As outlined, the spectral domain audio decoder 112 is configured so that a maximum
frequency represented by a spectral value in the first decoded representation is equal to a
maximum frequency included in the time representation having the sampling rate wherein
the spectral value for the maximum frequency in the first set of first spectral portions is
zero or different from zero. Anyway, for this maximum frequency in the first set of spectral
components a scale factor for the scale factor band exists, which is generated and
transmitted irrespective of whether all spectral values in this scale factor band are set to
zero or not as discussed in the context of Figs. 3a and 3b.
The invention is, therefore, advantageous that with respect to other parametric techniques
to increase compression efficiency, e.g. noise substitution and noise-filling (these
techniques are exclusively for efficient representation of noise like local signal content) the
invention allows an accurate frequency reproduction of tonal components. To date, no
state-of-the-art technique addresses the efficient parametric representation of arbitrary
signal content by spectral gap filling without the restriction of a fixed a-priory division in
low band (LF) and high band (HF).
Embodiments of the inventive system improve the state-of-the-art approaches and
thereby provides high compression efficiency, no or only a small perceptual annoyance
and full audio bandwidth even for low bitrates.

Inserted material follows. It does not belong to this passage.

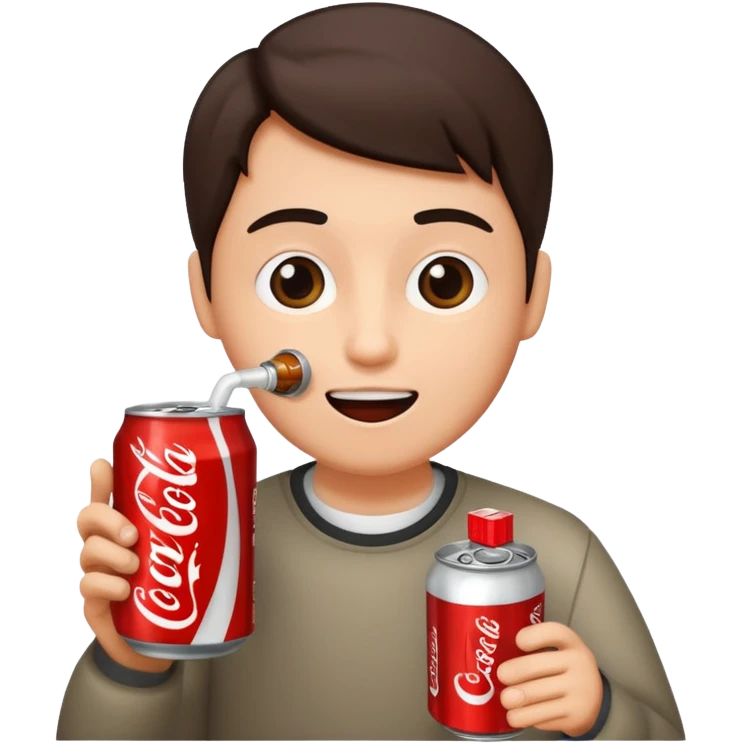 Drinking coke emoji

The general system consists of
• full band core coding
• intelligent gap filling (tile filling or noise-filling)
· sparse tonal parts in core selected by tonal mask
• joint stereo pair coding for full band, including tile filling
• TNS on tile
• spectral whitening in IGF range
A first step towards a more efficient system is to remove the need for transforming spectral
data into a second transform domain different from the one of the core coder. As the
majority of audio codecs, such as AAC for instance, use the MDCT as basic transform, it
is useful to perform the BWE in the MDCT domain also. A second requirement for the
B E system would be the need to preserve the tonal grid whereby even HF tonal
components are preserved and the quality of the coded audio is thus superior to the
existing systems. To take care of both the above mentioned requirements a system has
been proposed called Intelligent Gap Filling (IGF). Fig. 2b shows the block diagram of the
proposed system on the encoder-side and Fig. 2a shows the system on the decoder-side.
Subsequently, a post-processing framework is described with respect to Fig 13A and Fig.
13B in order to illustrate that the present invention can also be implemented in the high
frequency reconstructer 1330 in this post-processing embodiment.
Fig. 13a illustrates a schematic diagram of an audio encoder for a bandwidth extension
technology as, for example, used in High Efficiency Advanced Audio Coding (HE-AAC).
An audio signal at line 1300 is input into a filter system comprising of a low pass 1302 and
a high pass 1304. The signal output by the high pass filter 1304 is input into a parameter
extractor/coder 1306. The parameter extractor/coder 1306 is configured for calculating
and coding parameters such as a spectral envelope parameter, a noise addition
parameter, a missing harmonics parameter, or an inverse filtering parameter, for example.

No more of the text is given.